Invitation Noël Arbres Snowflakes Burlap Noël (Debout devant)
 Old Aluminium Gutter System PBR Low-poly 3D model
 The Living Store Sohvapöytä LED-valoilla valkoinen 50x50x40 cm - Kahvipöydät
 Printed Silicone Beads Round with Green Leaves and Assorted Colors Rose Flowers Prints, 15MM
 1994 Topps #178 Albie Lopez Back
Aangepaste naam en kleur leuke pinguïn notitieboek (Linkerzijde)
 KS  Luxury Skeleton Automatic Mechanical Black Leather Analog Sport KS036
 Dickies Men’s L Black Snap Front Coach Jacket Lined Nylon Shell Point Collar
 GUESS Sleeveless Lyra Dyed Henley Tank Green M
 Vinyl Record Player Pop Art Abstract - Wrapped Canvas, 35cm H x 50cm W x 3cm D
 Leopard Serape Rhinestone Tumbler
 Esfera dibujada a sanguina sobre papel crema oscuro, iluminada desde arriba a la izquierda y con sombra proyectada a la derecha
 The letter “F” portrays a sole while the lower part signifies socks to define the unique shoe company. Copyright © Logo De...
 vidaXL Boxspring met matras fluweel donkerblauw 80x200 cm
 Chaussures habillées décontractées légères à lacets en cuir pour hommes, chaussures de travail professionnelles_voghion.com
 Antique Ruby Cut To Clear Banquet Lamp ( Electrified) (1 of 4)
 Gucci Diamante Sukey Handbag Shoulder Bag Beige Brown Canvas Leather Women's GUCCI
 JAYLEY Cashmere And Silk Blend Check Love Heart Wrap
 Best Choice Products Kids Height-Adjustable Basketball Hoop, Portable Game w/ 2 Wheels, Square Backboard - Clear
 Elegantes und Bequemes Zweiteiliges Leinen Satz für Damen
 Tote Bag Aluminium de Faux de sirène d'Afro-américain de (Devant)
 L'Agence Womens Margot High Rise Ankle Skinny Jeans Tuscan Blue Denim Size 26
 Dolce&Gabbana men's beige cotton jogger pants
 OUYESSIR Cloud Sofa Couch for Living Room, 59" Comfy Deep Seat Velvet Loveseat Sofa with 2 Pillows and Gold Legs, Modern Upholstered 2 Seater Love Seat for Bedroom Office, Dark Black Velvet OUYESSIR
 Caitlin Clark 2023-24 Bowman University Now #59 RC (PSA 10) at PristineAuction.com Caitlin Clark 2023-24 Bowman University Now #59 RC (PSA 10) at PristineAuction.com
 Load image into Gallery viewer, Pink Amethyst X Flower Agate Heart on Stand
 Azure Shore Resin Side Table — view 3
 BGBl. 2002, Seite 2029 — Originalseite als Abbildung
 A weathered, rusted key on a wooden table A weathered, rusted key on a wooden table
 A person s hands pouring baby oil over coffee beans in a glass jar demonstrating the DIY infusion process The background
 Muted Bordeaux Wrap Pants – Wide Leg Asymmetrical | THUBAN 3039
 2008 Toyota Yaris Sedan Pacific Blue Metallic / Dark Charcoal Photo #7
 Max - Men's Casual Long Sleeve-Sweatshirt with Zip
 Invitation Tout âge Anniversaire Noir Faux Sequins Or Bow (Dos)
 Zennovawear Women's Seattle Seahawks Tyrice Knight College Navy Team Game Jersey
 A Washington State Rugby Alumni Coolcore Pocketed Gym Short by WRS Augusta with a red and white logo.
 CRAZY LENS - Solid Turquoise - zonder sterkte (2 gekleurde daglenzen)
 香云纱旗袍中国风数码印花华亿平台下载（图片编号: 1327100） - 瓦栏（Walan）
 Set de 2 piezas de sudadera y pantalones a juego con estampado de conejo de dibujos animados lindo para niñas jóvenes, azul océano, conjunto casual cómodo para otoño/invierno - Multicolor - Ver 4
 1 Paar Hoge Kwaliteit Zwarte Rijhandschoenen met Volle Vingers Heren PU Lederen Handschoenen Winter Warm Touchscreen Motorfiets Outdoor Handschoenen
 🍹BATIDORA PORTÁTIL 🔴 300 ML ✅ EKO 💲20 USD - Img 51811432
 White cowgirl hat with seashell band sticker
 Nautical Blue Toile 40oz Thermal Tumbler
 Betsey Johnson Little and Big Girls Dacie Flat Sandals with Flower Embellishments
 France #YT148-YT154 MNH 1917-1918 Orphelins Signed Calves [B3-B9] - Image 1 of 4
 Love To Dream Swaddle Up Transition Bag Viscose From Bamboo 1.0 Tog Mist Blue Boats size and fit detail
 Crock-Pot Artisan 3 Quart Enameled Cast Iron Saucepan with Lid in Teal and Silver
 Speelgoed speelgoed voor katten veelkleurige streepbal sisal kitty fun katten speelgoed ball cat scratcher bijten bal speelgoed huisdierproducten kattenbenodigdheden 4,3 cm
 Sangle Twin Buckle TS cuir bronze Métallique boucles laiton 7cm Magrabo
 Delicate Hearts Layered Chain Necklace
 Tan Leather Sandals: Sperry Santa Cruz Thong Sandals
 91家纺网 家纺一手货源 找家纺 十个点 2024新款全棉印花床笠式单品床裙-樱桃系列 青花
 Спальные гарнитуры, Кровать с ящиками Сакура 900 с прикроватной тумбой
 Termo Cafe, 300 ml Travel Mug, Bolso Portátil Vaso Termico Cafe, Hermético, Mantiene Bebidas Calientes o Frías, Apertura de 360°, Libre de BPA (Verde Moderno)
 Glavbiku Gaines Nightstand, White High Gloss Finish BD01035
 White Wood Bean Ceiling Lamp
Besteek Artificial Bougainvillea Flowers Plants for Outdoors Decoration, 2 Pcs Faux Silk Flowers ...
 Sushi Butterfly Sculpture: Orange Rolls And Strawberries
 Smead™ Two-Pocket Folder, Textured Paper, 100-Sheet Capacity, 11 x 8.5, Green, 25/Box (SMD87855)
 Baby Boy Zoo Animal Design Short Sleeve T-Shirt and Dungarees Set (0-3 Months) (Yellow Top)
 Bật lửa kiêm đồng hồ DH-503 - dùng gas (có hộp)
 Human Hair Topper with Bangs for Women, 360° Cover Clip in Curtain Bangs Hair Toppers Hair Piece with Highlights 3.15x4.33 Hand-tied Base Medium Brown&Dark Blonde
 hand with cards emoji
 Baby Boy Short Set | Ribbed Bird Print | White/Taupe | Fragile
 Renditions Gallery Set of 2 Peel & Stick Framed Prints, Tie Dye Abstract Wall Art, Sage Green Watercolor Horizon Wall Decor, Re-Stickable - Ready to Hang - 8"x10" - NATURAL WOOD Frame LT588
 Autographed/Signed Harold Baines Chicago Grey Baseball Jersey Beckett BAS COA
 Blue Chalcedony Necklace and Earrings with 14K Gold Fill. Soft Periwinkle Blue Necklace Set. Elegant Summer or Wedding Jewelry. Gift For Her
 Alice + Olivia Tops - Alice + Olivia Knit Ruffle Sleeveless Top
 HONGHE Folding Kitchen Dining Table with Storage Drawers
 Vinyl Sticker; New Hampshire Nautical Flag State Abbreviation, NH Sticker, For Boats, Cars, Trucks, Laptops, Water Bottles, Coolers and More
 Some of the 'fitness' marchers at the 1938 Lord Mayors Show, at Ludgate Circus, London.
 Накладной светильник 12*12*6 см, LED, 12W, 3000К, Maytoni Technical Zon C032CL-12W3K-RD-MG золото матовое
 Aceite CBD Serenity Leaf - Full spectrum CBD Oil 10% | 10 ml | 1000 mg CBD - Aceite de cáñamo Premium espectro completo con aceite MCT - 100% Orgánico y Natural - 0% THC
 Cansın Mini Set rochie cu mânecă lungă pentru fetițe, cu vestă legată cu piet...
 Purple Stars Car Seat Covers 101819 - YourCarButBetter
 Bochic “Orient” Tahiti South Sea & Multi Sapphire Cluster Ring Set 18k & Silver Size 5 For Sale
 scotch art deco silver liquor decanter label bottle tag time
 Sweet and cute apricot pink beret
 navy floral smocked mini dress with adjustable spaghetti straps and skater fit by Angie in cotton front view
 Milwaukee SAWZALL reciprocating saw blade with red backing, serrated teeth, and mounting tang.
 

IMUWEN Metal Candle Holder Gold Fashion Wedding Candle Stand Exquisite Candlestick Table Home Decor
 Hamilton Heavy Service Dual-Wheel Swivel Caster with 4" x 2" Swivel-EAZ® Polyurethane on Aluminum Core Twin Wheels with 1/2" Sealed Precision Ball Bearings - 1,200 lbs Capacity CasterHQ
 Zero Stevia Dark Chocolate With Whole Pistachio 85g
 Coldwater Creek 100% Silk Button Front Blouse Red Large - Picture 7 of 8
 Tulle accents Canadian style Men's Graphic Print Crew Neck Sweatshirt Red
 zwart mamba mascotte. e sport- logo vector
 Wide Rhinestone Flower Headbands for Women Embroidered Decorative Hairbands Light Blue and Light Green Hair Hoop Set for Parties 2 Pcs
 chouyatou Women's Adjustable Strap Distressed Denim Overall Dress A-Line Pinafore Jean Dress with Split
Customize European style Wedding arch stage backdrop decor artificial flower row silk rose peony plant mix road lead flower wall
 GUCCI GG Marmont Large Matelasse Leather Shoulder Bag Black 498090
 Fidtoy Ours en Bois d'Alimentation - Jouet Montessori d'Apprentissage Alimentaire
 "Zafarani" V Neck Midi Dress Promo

▶ _Your assignment_
Beginning at the line above that contains "Baby Boy Short", return each line exactly through the line that contains "Autographed/Signed Harold Baines", and no others.

▶ _Answer box_
 Baby Boy Short Set | Ribbed Bird Print | White/Taupe | Fragile
 Renditions Gallery Set of 2 Peel & Stick Framed Prints, Tie Dye Abstract Wall Art, Sage Green Watercolor Horizon Wall Decor, Re-Stickable - Ready to Hang - 8"x10" - NATURAL WOOD Frame LT588
 Autographed/Signed Harold Baines Chicago Grey Baseball Jersey Beckett BAS COA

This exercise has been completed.